§ **WHAT NEEDS TO BE DONE**: Give again, word for word, only the lines of the material below from its first line through the one that holds "Replica Prada Bags"; pictures stay out.
===== DATA TO EXAMINE =====
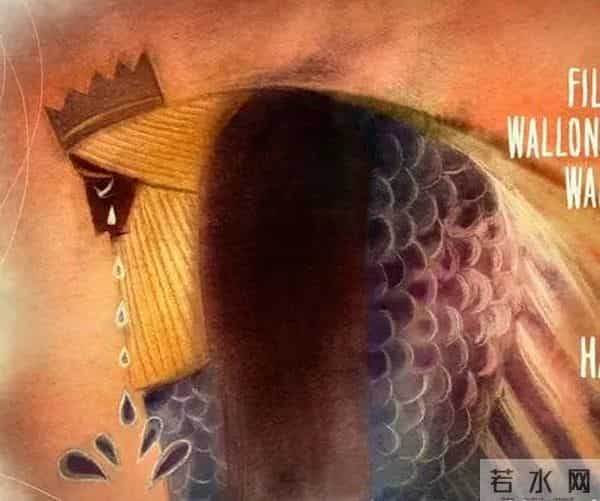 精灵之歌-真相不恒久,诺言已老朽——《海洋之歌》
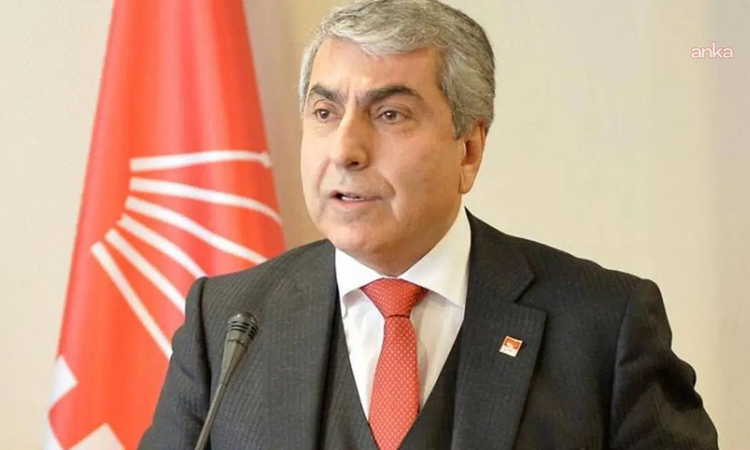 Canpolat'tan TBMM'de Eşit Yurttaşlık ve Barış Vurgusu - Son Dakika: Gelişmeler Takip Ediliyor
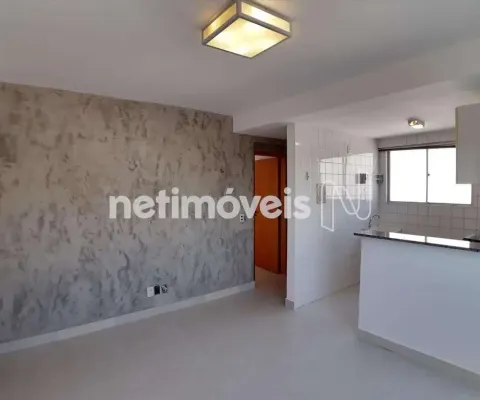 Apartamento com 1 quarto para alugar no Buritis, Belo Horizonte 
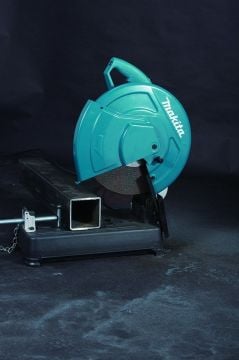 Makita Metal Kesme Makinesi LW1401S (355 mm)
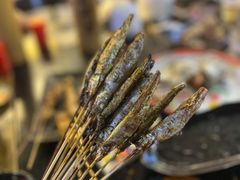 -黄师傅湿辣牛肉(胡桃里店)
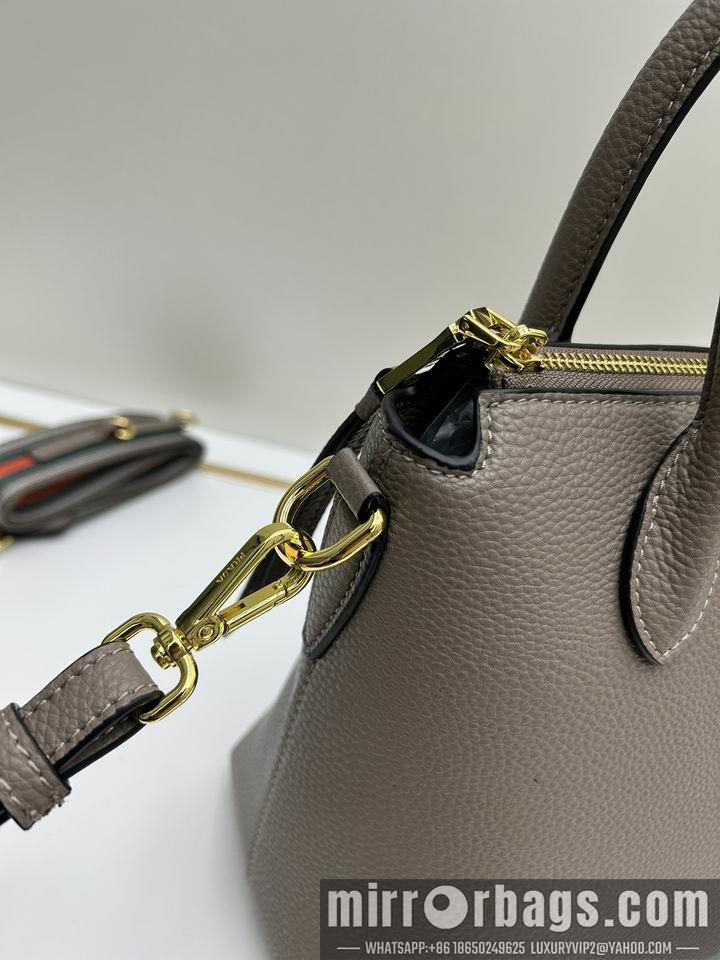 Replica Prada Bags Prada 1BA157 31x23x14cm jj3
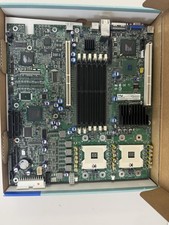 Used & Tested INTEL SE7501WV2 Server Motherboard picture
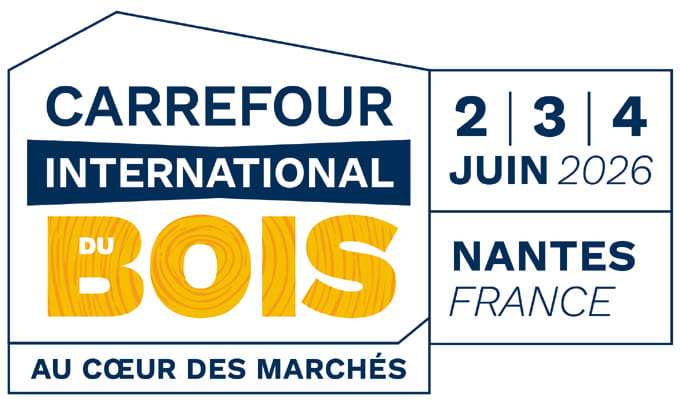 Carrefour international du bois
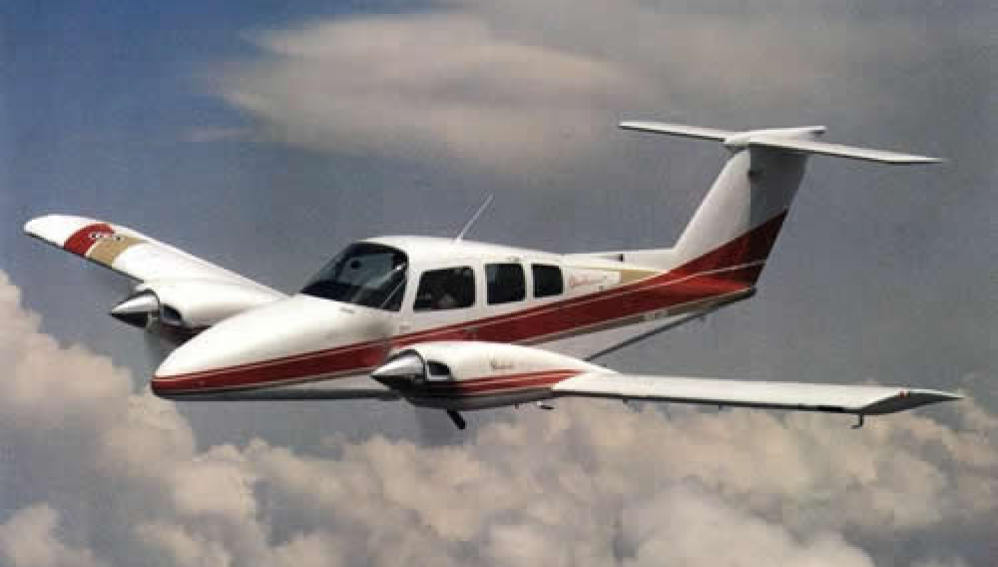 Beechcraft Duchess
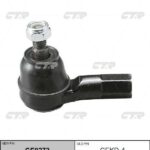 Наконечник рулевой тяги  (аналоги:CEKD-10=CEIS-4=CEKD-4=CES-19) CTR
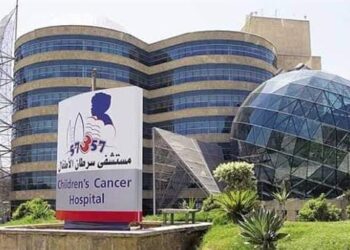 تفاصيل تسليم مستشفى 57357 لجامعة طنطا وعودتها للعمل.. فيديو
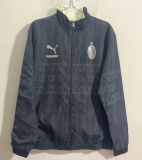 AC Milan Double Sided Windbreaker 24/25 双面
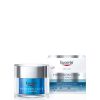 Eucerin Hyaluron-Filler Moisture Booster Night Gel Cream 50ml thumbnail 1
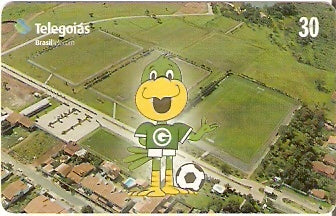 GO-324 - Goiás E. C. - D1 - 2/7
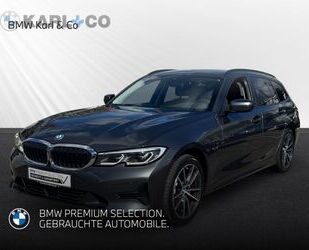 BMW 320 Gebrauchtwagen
=====
§ **COMPLETED TASK**:
 精灵之歌-真相不恒久,诺言已老朽——《海洋之歌》
 Canpolat'tan TBMM'de Eşit Yurttaşlık ve Barış Vurgusu - Son Dakika: Gelişmeler Takip Ediliyor
 Apartamento com 1 quarto para alugar no Buritis, Belo Horizonte 
 Makita Metal Kesme Makinesi LW1401S (355 mm)
 -黄师傅湿辣牛肉(胡桃里店)
 Replica Prada Bags Prada 1BA157 31x23x14cm jj3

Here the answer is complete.